*Instructions to follow:*
From the first line of the material to the line containing "Fenêtre PVC H500", inclusive, write out each line exactly, leaving out the pictures.
* * * * *
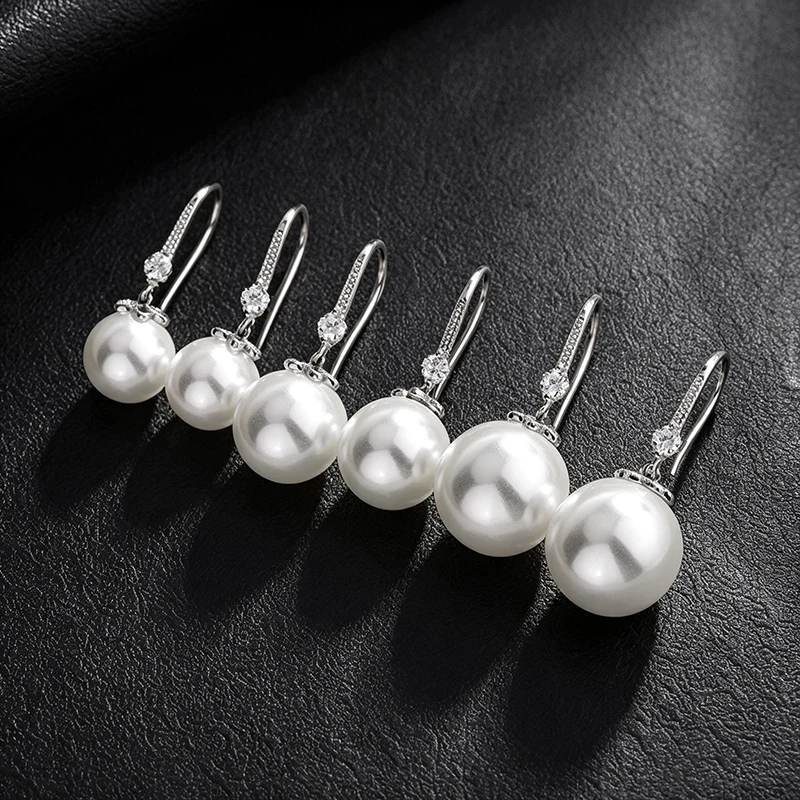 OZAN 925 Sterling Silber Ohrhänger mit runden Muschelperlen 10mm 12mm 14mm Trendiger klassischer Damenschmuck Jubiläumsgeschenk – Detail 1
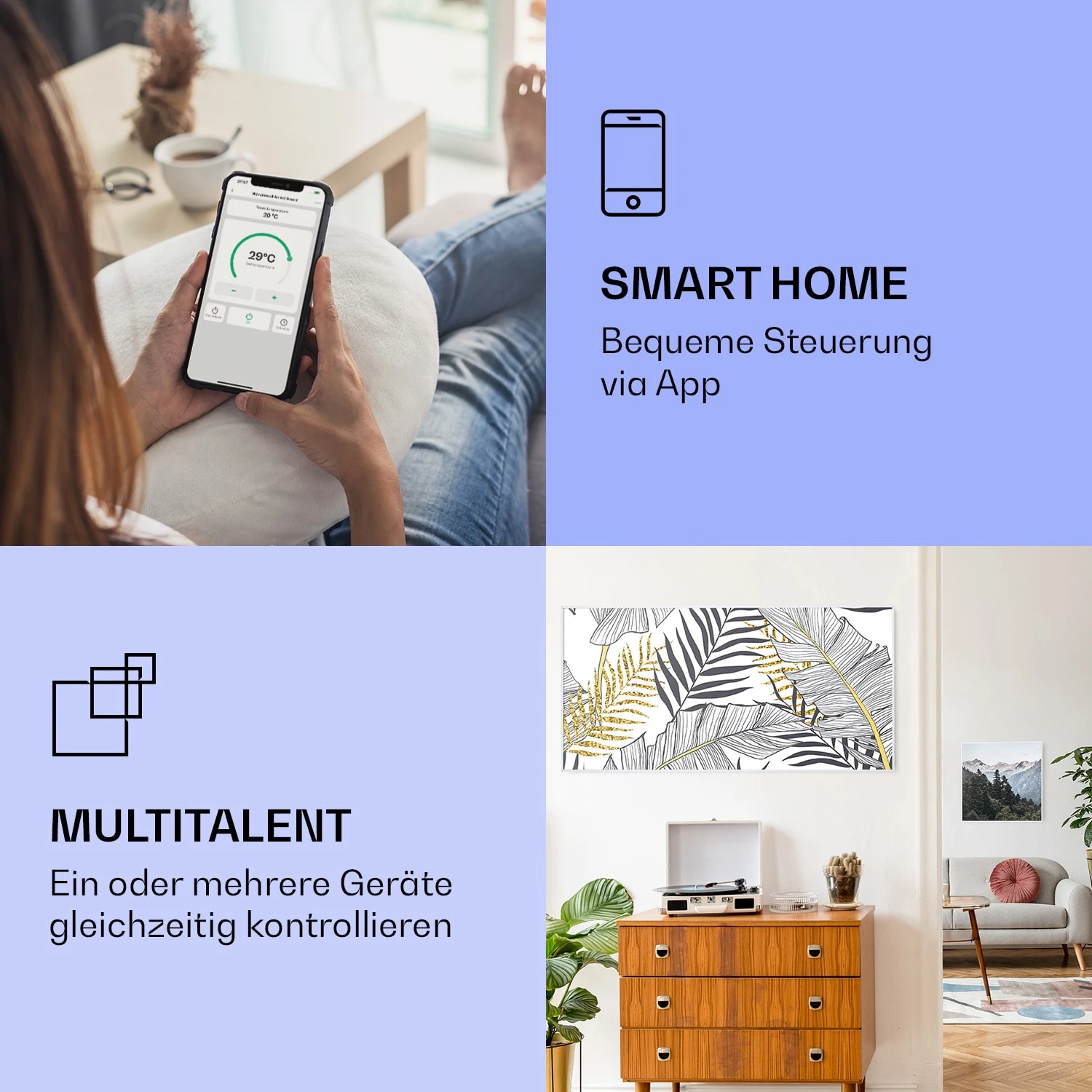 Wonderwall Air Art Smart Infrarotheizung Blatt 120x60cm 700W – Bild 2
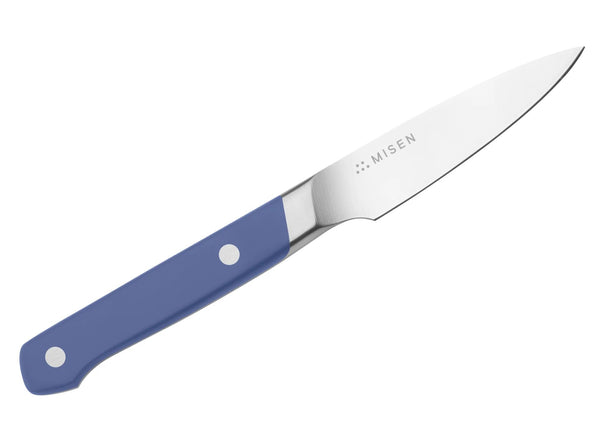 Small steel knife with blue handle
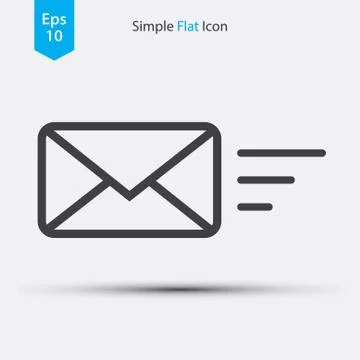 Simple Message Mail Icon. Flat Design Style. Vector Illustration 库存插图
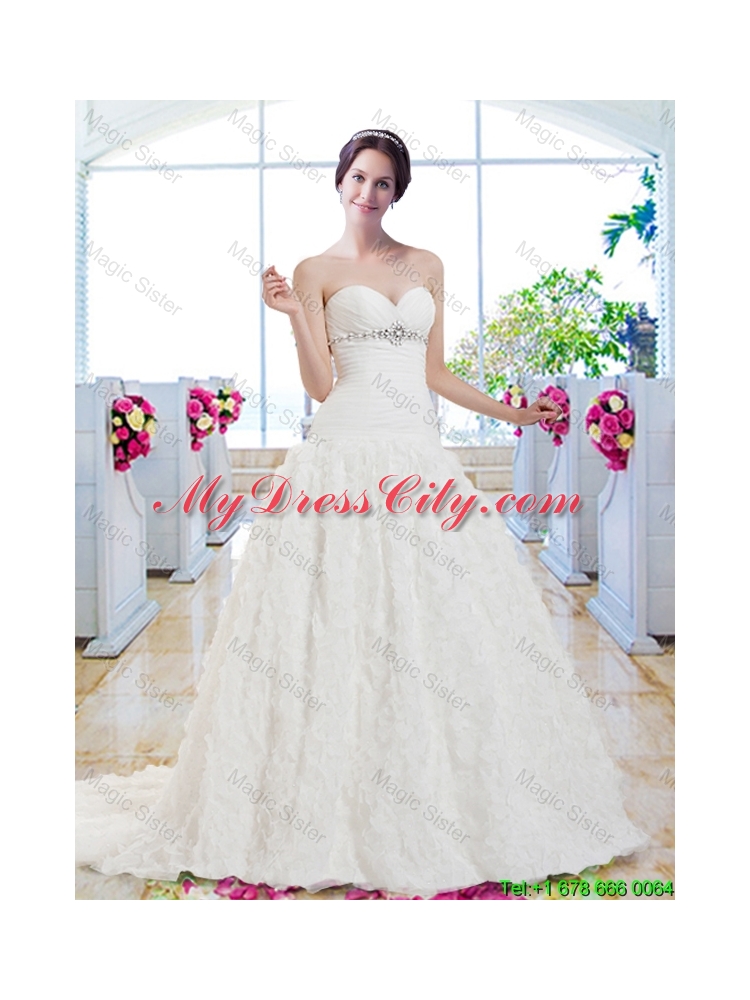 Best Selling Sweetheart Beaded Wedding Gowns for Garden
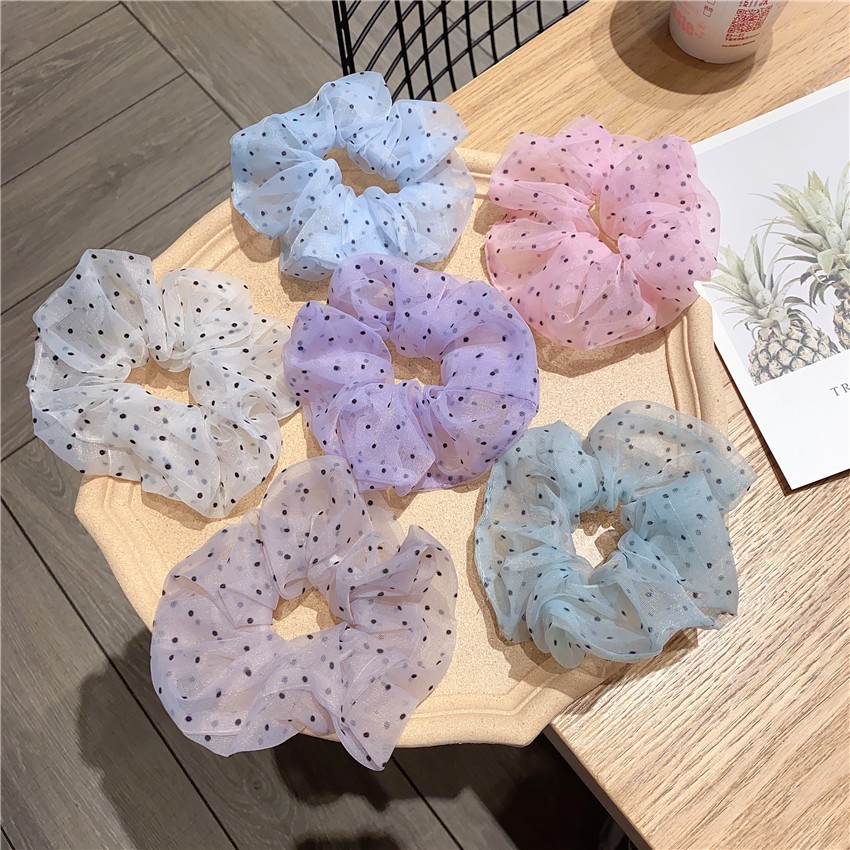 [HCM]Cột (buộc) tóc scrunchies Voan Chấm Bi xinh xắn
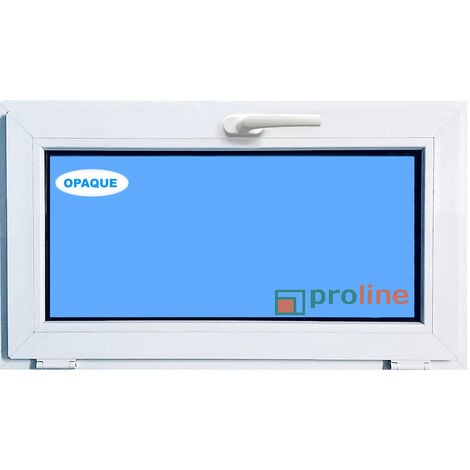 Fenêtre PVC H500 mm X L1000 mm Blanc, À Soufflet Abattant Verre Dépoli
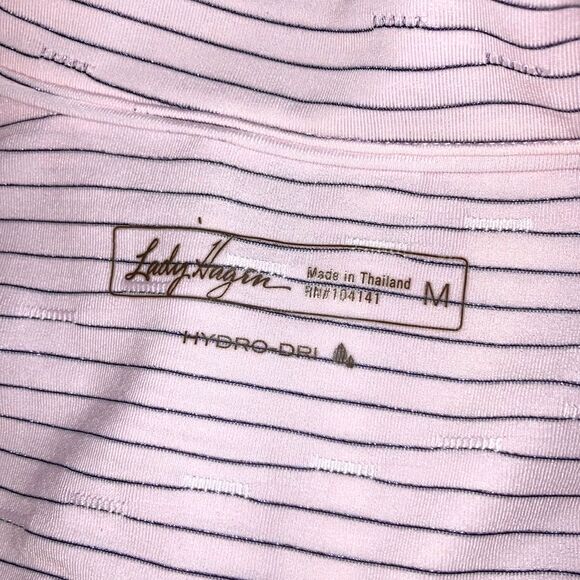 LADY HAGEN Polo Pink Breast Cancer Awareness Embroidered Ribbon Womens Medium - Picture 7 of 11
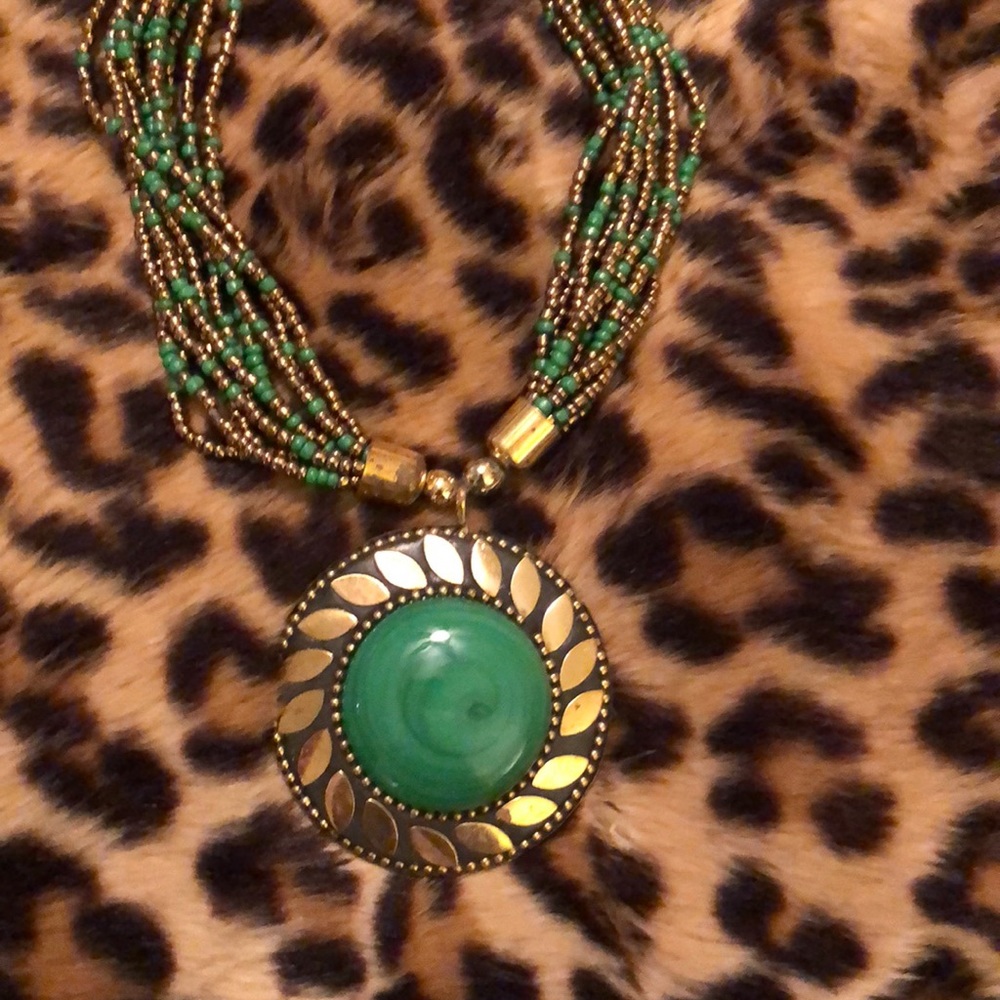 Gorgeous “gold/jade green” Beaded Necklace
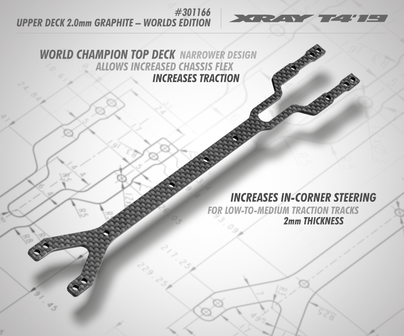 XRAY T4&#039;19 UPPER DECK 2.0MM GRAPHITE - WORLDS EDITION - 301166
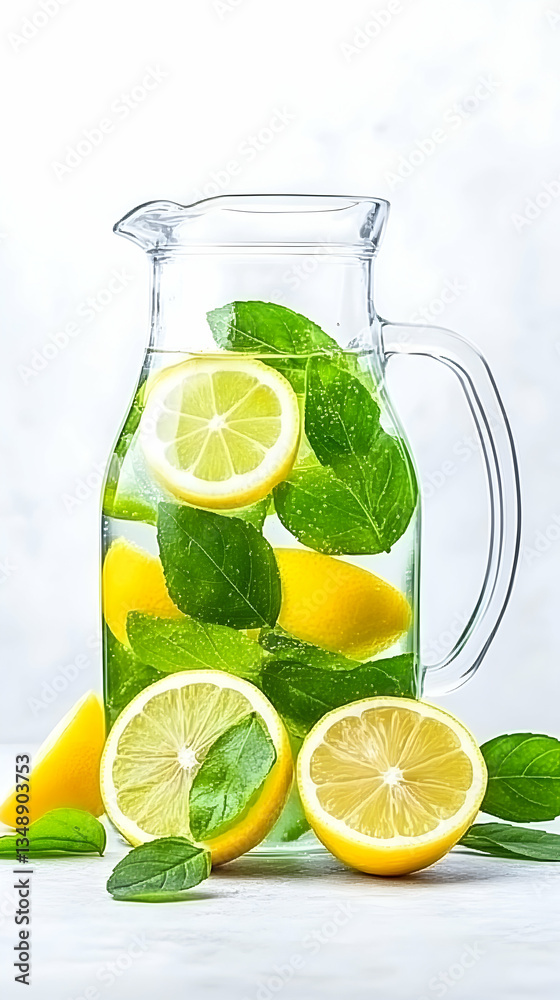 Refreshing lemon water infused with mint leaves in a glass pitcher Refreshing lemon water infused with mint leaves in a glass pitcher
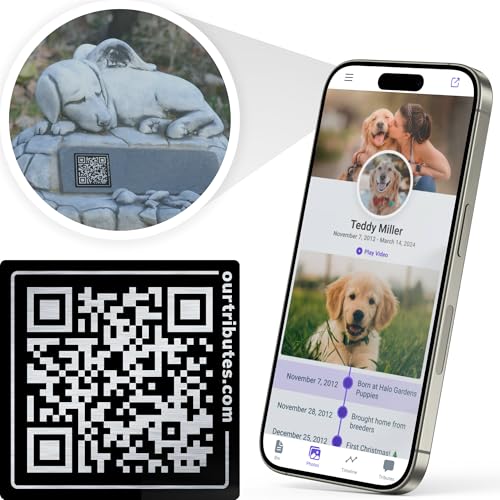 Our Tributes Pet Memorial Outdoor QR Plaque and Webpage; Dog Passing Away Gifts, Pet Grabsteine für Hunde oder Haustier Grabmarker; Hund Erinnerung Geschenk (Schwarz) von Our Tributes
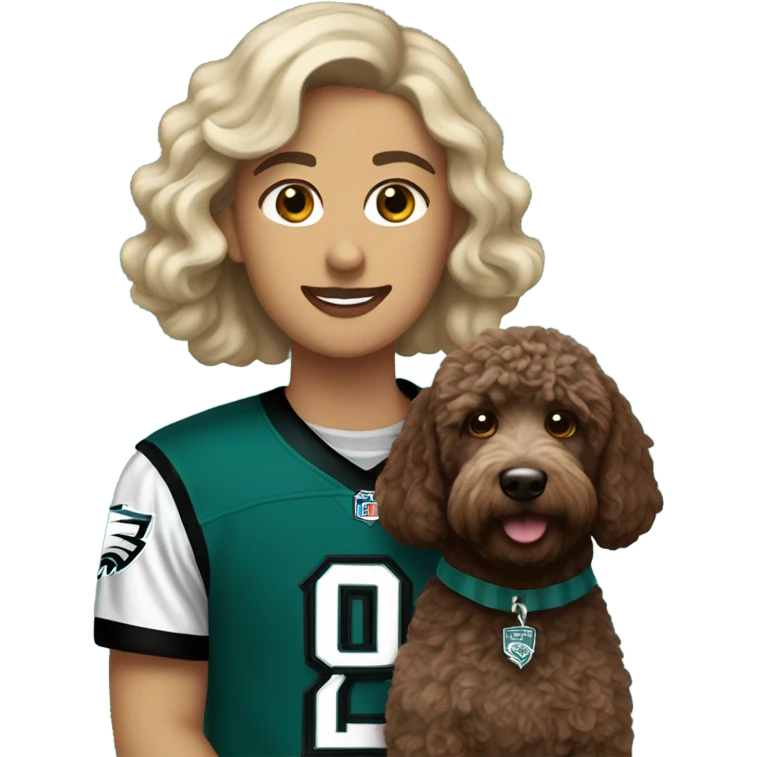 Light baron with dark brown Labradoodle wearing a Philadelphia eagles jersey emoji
* * * * *
*Exercise result:*
 OZAN 925 Sterling Silber Ohrhänger mit runden Muschelperlen 10mm 12mm 14mm Trendiger klassischer Damenschmuck Jubiläumsgeschenk – Detail 1
 Wonderwall Air Art Smart Infrarotheizung Blatt 120x60cm 700W – Bild 2
 Small steel knife with blue handle
 Simple Message Mail Icon. Flat Design Style. Vector Illustration 库存插图
 Best Selling Sweetheart Beaded Wedding Gowns for Garden
 [HCM]Cột (buộc) tóc scrunchies Voan Chấm Bi xinh xắn
 Fenêtre PVC H500 mm X L1000 mm Blanc, À Soufflet Abattant Verre Dépoli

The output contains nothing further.